Les extrémismes islamiques ne se manifestent donc pas d’un point de vue religieux ; ce sont plutôt des mouvements politiques qui ont pour but de prendre ou de garder le pouvoir, chacun à sa manière. On notera que si des partis extrêmes fleurissent aussi dans des sociétés démocratiques ceux-ci doivent se contenter de jouer un rôle de protestataire car ils savent que, à moins d’une révolution, la majorité populaire ne leur confiera jamais une responsabilité exécutive[2]. L’esprit de l’islam est de fusionner la vie religieuse avec celle de la cité c’est pourquoi la laïcité n’y trouve pas de place, ce qui choque ceux qui croyaient que c’est une vertu universelle. Bien sûr dans un pays qui fut laïcisé à la hussarde il a y a nonante ans les formes relativement démocratiques pratiquées par l’AKP turc se distinguent du salafisme qui rejette toute sécularité moderne. Mais depuis l’arrivée au pouvoir de ce parti en 2003 une nette orientation vers plus de conformisme religieux est observable dans la société turque alors qu’en parallèle certains acquis de la laïcité se voient battus en brèche (port du foulard dans les bâtiments publics par exemple). Et, tels les frères musulmans, ceux qui rêvent à l’établissement d’un nouveau califat pensent que ce projet politique est cohérent avec les normes sociales de l’islam. Ils assurent même les fidèles d’autres religions de leur protection et bienveillance (sollicitude qui ne s’étend pas aux athéistes) ce qui, au vu des exemples saoudiens, égyptiens et même turcs, reste à voir pour y croire.
En Europe de fortes minorités de religion musulmane résultent principalement de l’immigration récente dans le continent depuis l’Afrique du nord, de la Turquie ou des Balkans, ou en Grande Bretagne depuis le Pakistan, l’Inde et le Bengladesh. À de rares exceptions ces minorités acceptent les principes de l’état de droit et les règles démocratiques qui prévalent dans leur pays d’accueil, même si les autochtones sont souvent méfiants. Ceux qui revendiquent des droits d’exception et prétendent rejeter les us et coutumes des pays hôtes ne représentent en fin de compte aucune force politique constructive, on leur porte d’ailleurs une trop forte attention, et on se trompe vraisemblablement de cible si seule leur religion est mise en cause. Et si leurs filles reçoivent une éducation occidentale ces groupes tribaux conservatistes se dissoudront en deux générations.

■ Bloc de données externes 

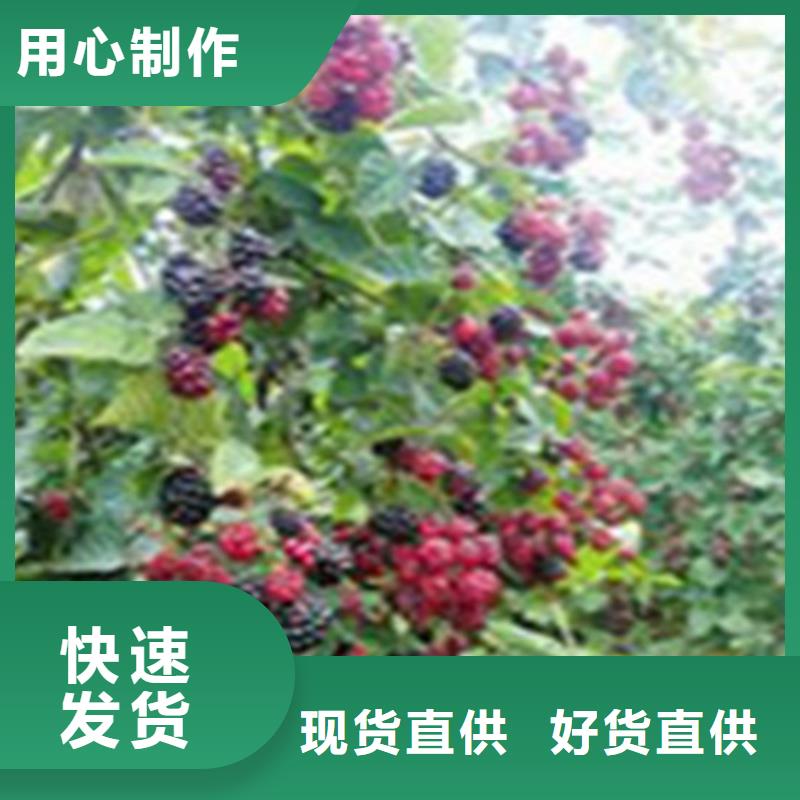 树莓苹果苗好货直供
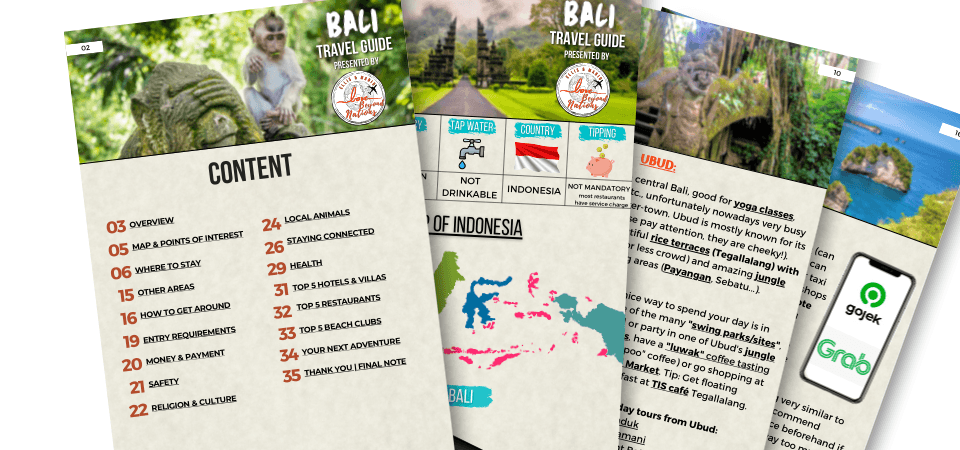 Bali Travel Guide Preview Pages 1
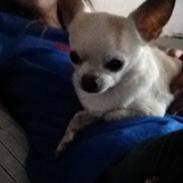 Chihuahua Frodo <3333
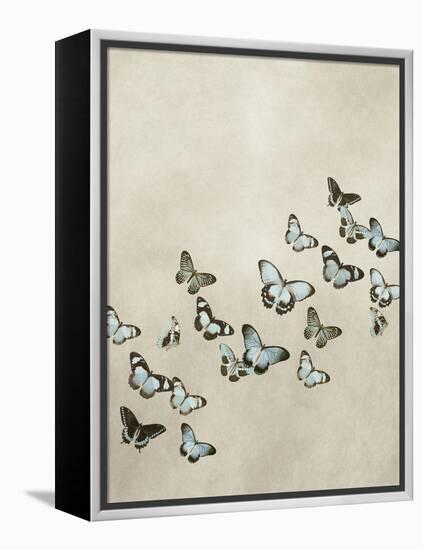 Spring Flight I-Deborah Devellier-Framed Stretched Canvas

Tout cela est difficile à saisir : il ne s’agit pas d’approuver ou de condamner une forme ou une autre de pratiquer une religion, mais plutôt d’appréhender le mode de pensée de chacun afin, si possible, d’en prévoir et contenir les conséquences éventuellement néfastes pour nos sociétés. Il est vain d’espérer un islam modéré car celui-ci est indéfinissable. Ce qui est à souhaiter c’est que notre culture humaniste occidentale soit forte par elle-même et que, évitant autoflagellation et arrogance (les deux mamelles de la décadence), elle sache s’imposer comme une évidence à ceux qui en goûtent les bienfaits.
[1] Bien que dans plusieurs pays ayant un régime autoritaire le sermon des imams soit défini par un ministère du culte central.
[2] L’accession démocratique du NSDAP allemand en 1933 a peu de risque de se reproduire. C’est ce qui vient d’être averti par le coup d’état des militaires en Egypte.